E no lugar de Les sons et les parfums tournent dans l’air du soir Ficamos um pouco parados, pensando, e aí ele sugeriu: – O cheiro do mangue na barra do Rio Ceará, que tal? Caímos na risada. Você disse que os impressionistas gostavam das águas, dizia ele rindo!
Ai que nojo! Me lembrar daqueles caranguejos cabeludos e sujos andando na lama, a vegetação de raízes à mostra, a cor verde- oliva da paisagem quando a maré está baixa... Olhei para o rosto dele e o vi vermelho de tanto rir.
– O que é que tu achas de Aracati no lugar de Ce qu’a vu le vent d’Ouest? E ele pula por cima do degrau da porta e num só impulso volta em seguida. Esfrega os olhos fazendo um círculo com as duas mãos fechadas, se engasgando aqui e acolá com o próprio riso. 
Não é a cidade de Aracati, mas aquele vento que chega sempre na boca da noite, depois do jantar, quando as pessoas estão sentadas nas calçadas conversando. Você não acha essa ideia impressionista? (Risos). Assim é muito Belle Époque! Quanto mais falava, mais ele ria.
Você não imagina o que Manet pintaria se visse ali no Passeio Público, no fim das tardes, as pessoas passeando ou sentadas nos bancos se refrescando com o Aracati. Ou na Avenida Dom Manuel, as famílias sentadas balançando-se nas cadeiras de vime, conversando na calçada!
O nome do quadro seria Musique dans les jardins des promenades, diz.
Apesar do avançado da hora, de eu dar sinais de que precisava voltar pra casa, ele insistia. Não, não! Vamos terminar a lista! E este aqui, Le vent dans la plaine?
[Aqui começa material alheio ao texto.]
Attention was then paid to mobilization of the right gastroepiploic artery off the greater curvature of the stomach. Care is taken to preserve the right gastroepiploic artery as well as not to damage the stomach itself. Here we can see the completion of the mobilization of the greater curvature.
Você falou que tem umas rajadas de ventos, que ele sussurra e treme. Para finalizar a brincadeira, eu disse rapidamente: que tal Siroco? As pessoas sussurram, amaldiçoam e tremem também quando ele vem, não?”
Ríamos juntos. Nunca terminaríamos a lista, pois além de nada ter a ver com coisa nenhuma, não tinha utilidade nem consequências. Não fazia parte de nada. Era só algo lúdico. No outro encontro ele já teria esquecido tudo, eu sabia. Mas que nada! Ele não largava a ideia. Voltava e obrigava minha mente a voltar ao set da ironia, do sarcasmo. E o que mais do Siroco, perguntavaÉ vento seco e quente vindo do deserto e traz muitas vezes uma tempestade de areia. Bate no nosso corpo dando a sensação de queimar, não lembra? Parecia que qualquer coisa que eu falava era mais um motivo para aumentar nossas risadas. A situação parecia um transe.
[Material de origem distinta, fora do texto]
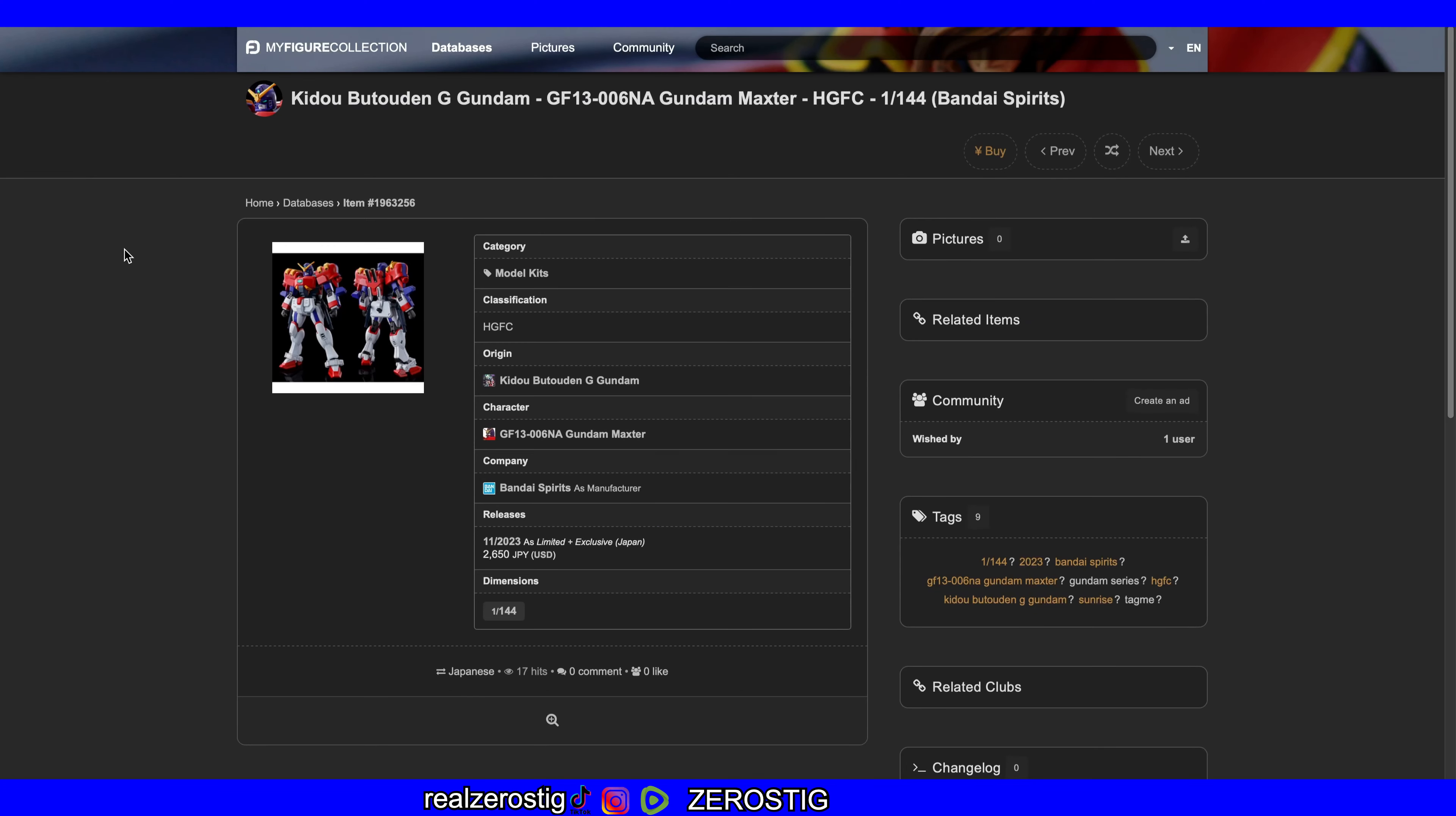Okay guys, check it out. We got the High Grade FC Gundam Master, yes Gundam Master from G Gundam. You can see here it's coming out in November as a limited exclusive to Japan, so P-Bandai.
Ah! Agora vem o nome mais sugestivo, dizia ele: La Cathédrale Engloutie. Como ficaria esta aqui? Tem que ser um nome muito brasileiro, muito cearense, viu? Vamos, inventa aí, dizia jogando a tarefa de inventar para mim! A luz do sol já se enfraquecia e eu ficava apreensiva, porque tinha de voltar pra casa na claridade do dia. À noite, percorrer a pé todo o caminho era no mínimo constrangedor. Apressava-me para evitar algum malfazejo e para não me sentir atrapalhando o encontro dos casais que se concentravam no pé daqueles imensos muros que caracterizavam a rua que ligava o Conservatório à minha casa. Não queria pensar que seriam aquelas mulheres as futuras moradoras da Bom Pastor e, para me ver livre dele, sugeri: A Igreja de Almofala. Ela também submerge e emerge, só que da areia da praia. Para que mais impressionista do que isso? Já pensou a areia da praia correndo solta pelo vento que aos poucos enterra a pobre da igreja e depois de muitos anos a duna ali formada começa a ser transportada para um outro lugar até que a igrejinha reaparece?
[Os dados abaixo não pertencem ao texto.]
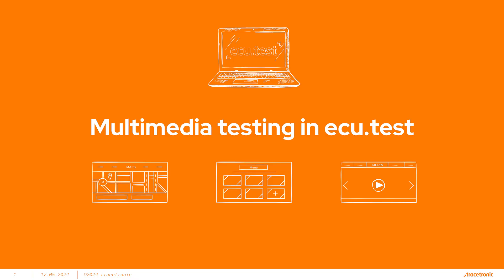Hello, my name is Tanner Barth. In this video I will discuss the tools available in ECU test to perform multimedia testing and then provide a short demo that brings these tools together.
Ainda hoje lembro suas risadas e vejo seus sapatos murchos pulando adoidado dentro da saleta. Eu tinha pensado em Duna, mas esse aí é muito melhor. Tem até legenda. Lá na França a igreja afunda na água, a daqui afunda na areia, dizia baixinho, tentando conter o acesso de riso. – Mas isso é óoooooootimo! Para dar fim aquela brincadeira sem fim, movimentei-me pra pegar minhas coisas, fechar a sala e sair, mesmo sob protestos, prometendo-lhe continuar num outro dia. Ele finalmente aceitou e me acompanhou até a saída da escola. Sugeri-lhe que fizesse músicas com os nomes que havíamos inventado. Poderíamos discutir como colocar os efeitos musicais, as ambiências de cada uma das peças, mas ele nada confirmava, parecia estar se recuperando das energias despendidas na brincadeira a dois.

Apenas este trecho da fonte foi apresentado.